[[ COLLECTED DATA open ]]

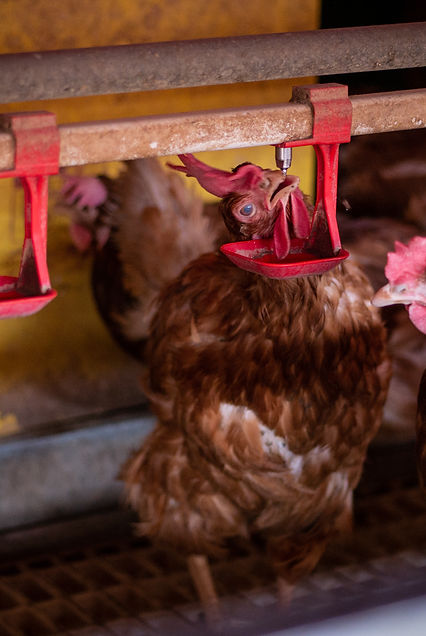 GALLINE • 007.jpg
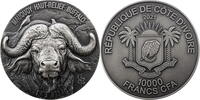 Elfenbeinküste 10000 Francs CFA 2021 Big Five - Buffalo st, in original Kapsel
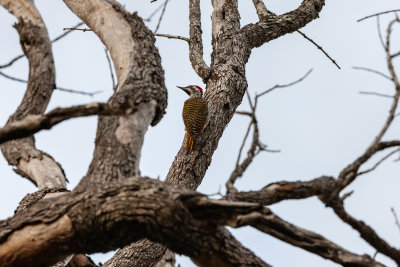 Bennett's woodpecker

[[ COLLECTED DATA closed ]]

* [PROBLEM TO WORK ON] The lines from the one that contains "Elfenbeinküste 10000 Francs" through the end of the data, repeated exactly and with no pictures, make up the whole answer.

* [WRITTEN SOLUTION]
 Elfenbeinküste 10000 Francs CFA 2021 Big Five - Buffalo st, in original Kapsel
 Bennett's woodpecker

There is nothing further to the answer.